Rumeur contre l'école : La
réaction à l'œuvre
Jeudi 23 janvier, de nombreux instituteurs ont eu la
surprise d'entendre des parents d'élèves leur demander s'ils allaient
réellement faire des cours d'éducation sexuelle à leurs enfants, leur vanter
l'homosexualité, leur expliquer que les garçons pouvaient se transformer en
fille et réciproquement, et bien d'autres stupidités du même genre. Des parents
ont même menacé de ne pas envoyer leurs enfants en classe, et lundi
27 janvier, dans un certain nombre d'établissements, des enfants étaient
en effet absents, les parents ayant répondu à un appel relayé par Internet et
Tweeter.
L'affaire a
pris suffisamment d'ampleur pour que le ministre Peillon, les inspecteurs et
les syndicats d'enseignants interviennent pour répéter l'évidence : l'école
maternelle et primaire se borne à expérimenter des méthodes pour éduquer les
enfants à l'égalité fille-garçon. Ce qui est une excellente chose.
La rumeur,
mensongère au départ, délirante au fil de sa diffusion, a été lancée par une
militante d'extrême droite, Farida Belghoul. Elle est proche du démagogue
réactionnaire Alain Soral et soutenue par Béatrice Bourges, l'égérie de la
lutte contre le mariage pour tous, elle-même catholique intégriste. Cette
rumeur, fortement marquée idéologiquement, a été relayée par des religieux,
chrétiens ou musulmans. Au-delà du prétexte, dénué de sens, d'un enseignement
de l'homosexualité aux enfants, c'est en fait l'école elle-même qui est visée,
c'est-à-dire le fait que les enfants soient éduqués aussi par la collectivité,
et non pas par leurs seuls parents dans le but de préserver des préjugés et des
traditions surannées. Des tracts de cette mouvance réactionnaire affirment que
les parents, et non l'État, sont seuls responsables de l'éducation des enfants.

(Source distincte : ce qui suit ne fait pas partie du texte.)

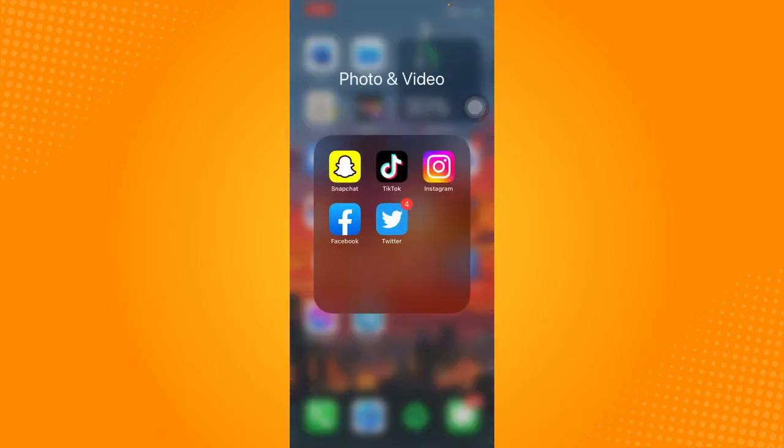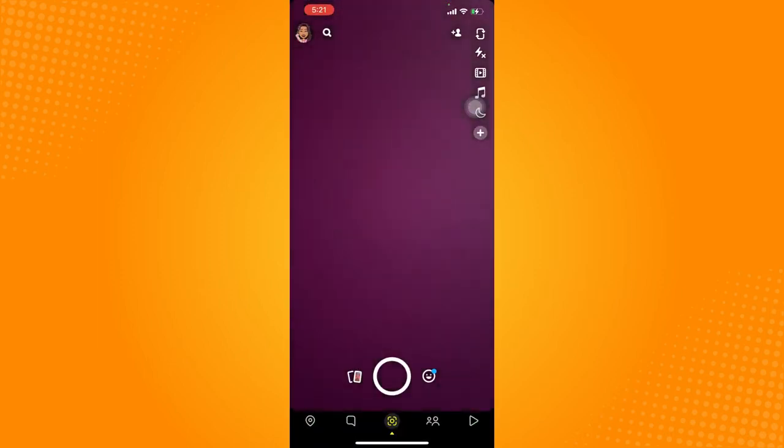So before we open our Snapchat application, make sure that it is up to date. If not, please go to your app store or to your Play Store and update your app. This is to ensure that we're going to face the same user interface and so you will be guided all throughout. And now let's head on and open the Snapchat app.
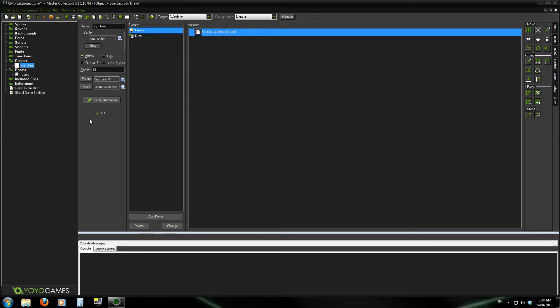Hey everyone, welcome to part 3 of the GML basics tutorials. In the first part I showed you variables and drawing. The second part I showed you the if statement. So now I'm going to show you the while loop.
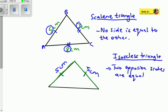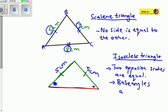There is also another property of an isosceles triangle: the base angles are equal. This is the base of the isosceles triangle, so the angle at this corner is equal to the angle at that corner. If you have 30 degrees here, you also have 30 degrees there. So: two opposite sides are equal, and base angles are equal.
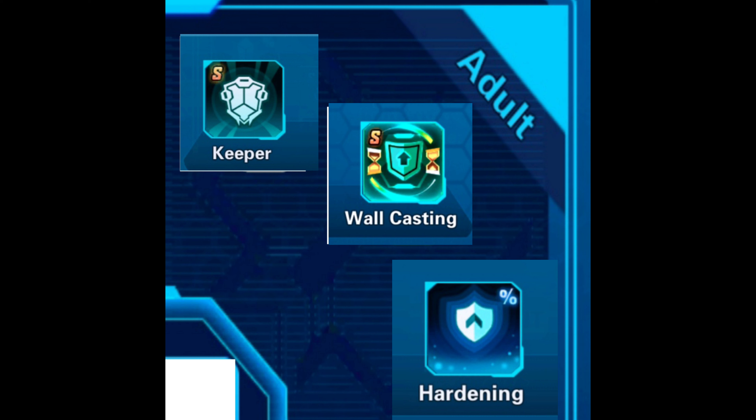For full defender Sakuyamon, talent items such as: Child - inevitable heat, energy vein, and hard guard can be installed. Adult - in the adult section, keeper, wall casting, and hardening can be installed.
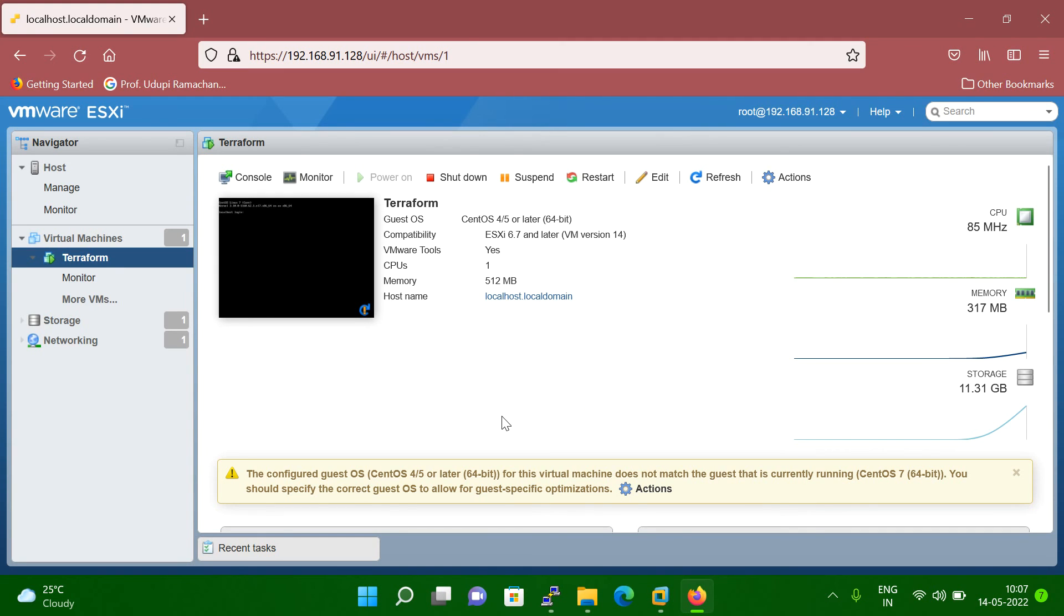Hello friends, so today's session we will discuss about how to configure and change guest OS from VMware level.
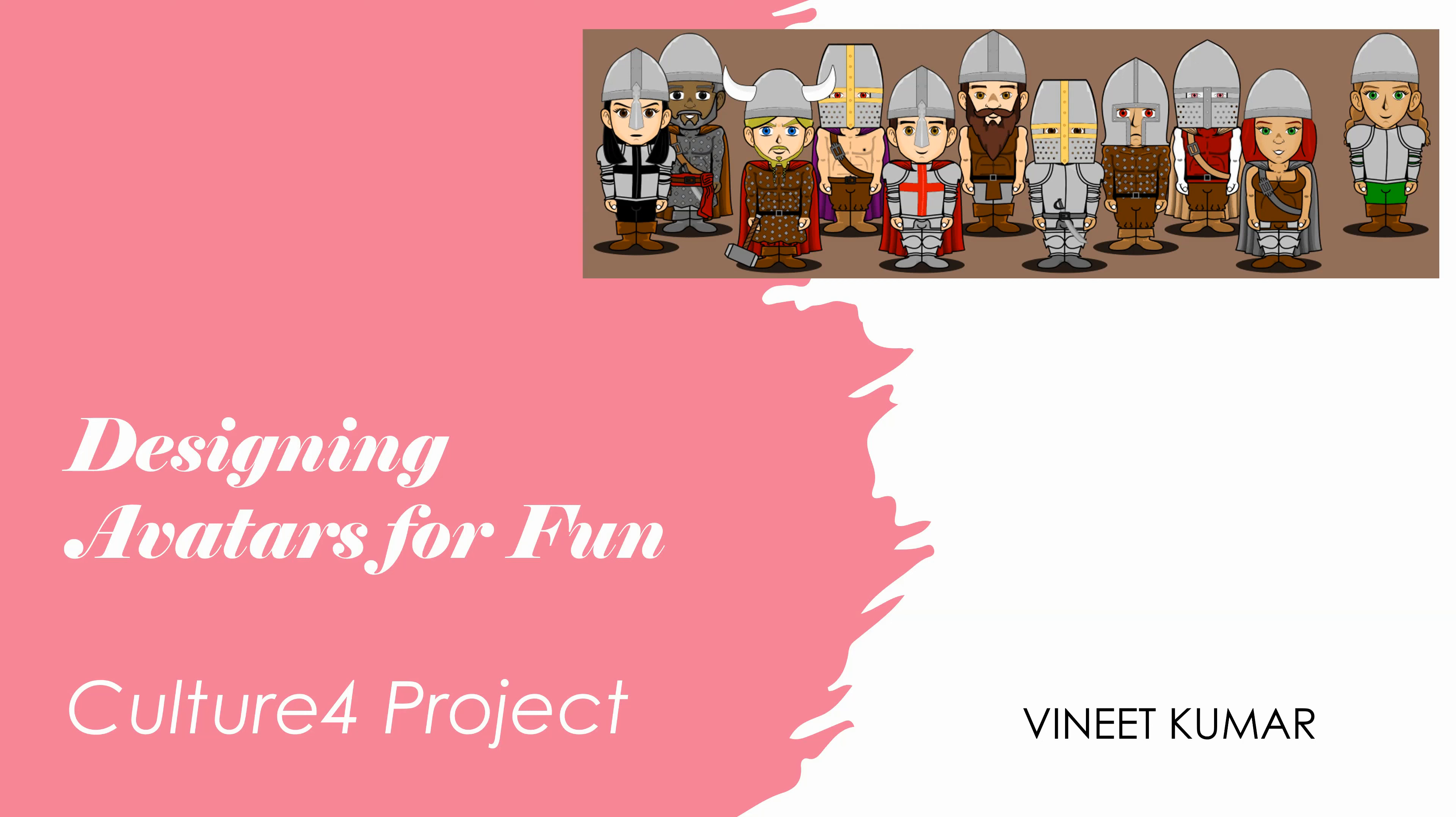Hello everybody. Today we're going to do a fun project which involves designing your own custom avatar. I'm sure you'll have fun on this.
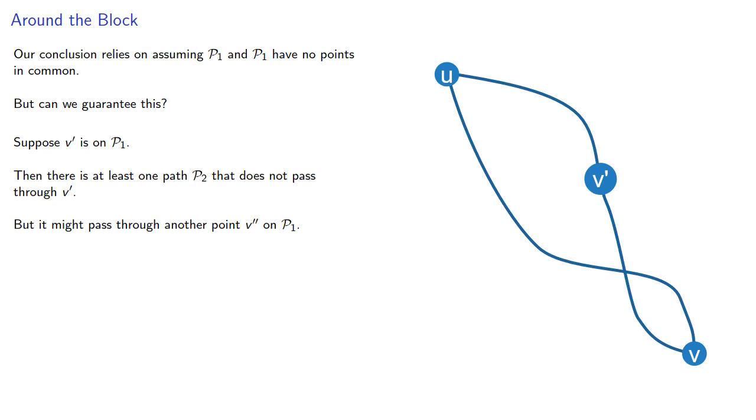And if that happens, then we don't have a cycle containing U and V, because remember, the points on a cycle have to be distinct.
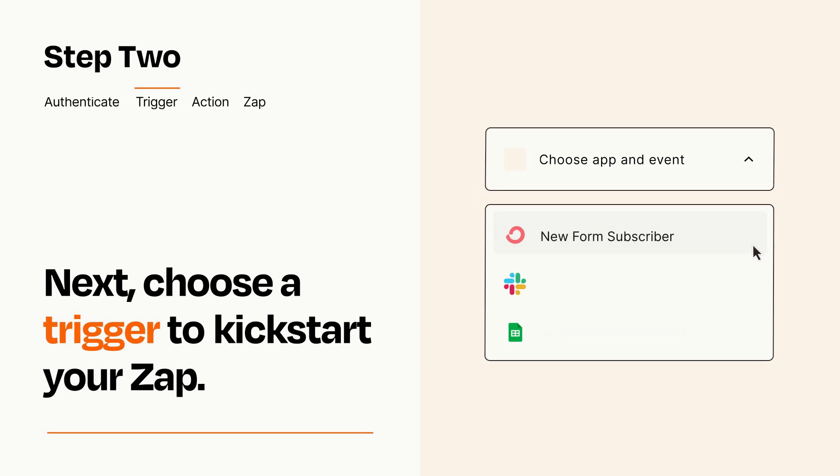Now let's set up your trigger, which is the event that starts your Zap. Pick the trigger event that you want from the list.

C'est stupide : comment les parents pourraient-ils enseigner aux enfants ce
qu'ils ignorent parfois eux-mêmes ?
L'ampleur,
difficile à évaluer, prise par cette rumeur révèle un profond désarroi et une
évolution inquiétante car elle touche même des familles populaires, posant
entre ces dernières et les courants les plus réactionnaires un pont qui ne peut
qu'accroître l'influence des idées de l'extrême droite.
La
concordance entre un tel phénomène et une manifestation d'extrême droite dans
les rues de Paris n'est d'ailleurs pas fortuite. Elle survient après des mois
et des années de propagande réactionnaire, religieuse, nationaliste,
individualiste, propatronale distillée par tous les partis de gouvernement et
certains médias. Quand on vide le cerveau des gens avec une telle constance
pour le remplir avec des idées aussi crasseuses, il ne faut pas s'étonner qu'il
puisse accepter pareils bobards.
Mais les cris
d'orfraie poussés par des ministres, des journalistes et autres sociologues,
qui s'offusquent des bêtises gobées, sont plus répugnants encore. Car ces
moralistes sont aux commandes de la société, ce sont eux qui mentent jour après
jour, qui baptisent justice leur monde d'injustice et démocratie la dictature
du grand patronat.
Mais surtout,
si de telles idées qui révèlent toutes sortes de replis, nationales, religieux,
communautaire, peuvent prospérer, c'est qu'elles ont de l'espace devant elles.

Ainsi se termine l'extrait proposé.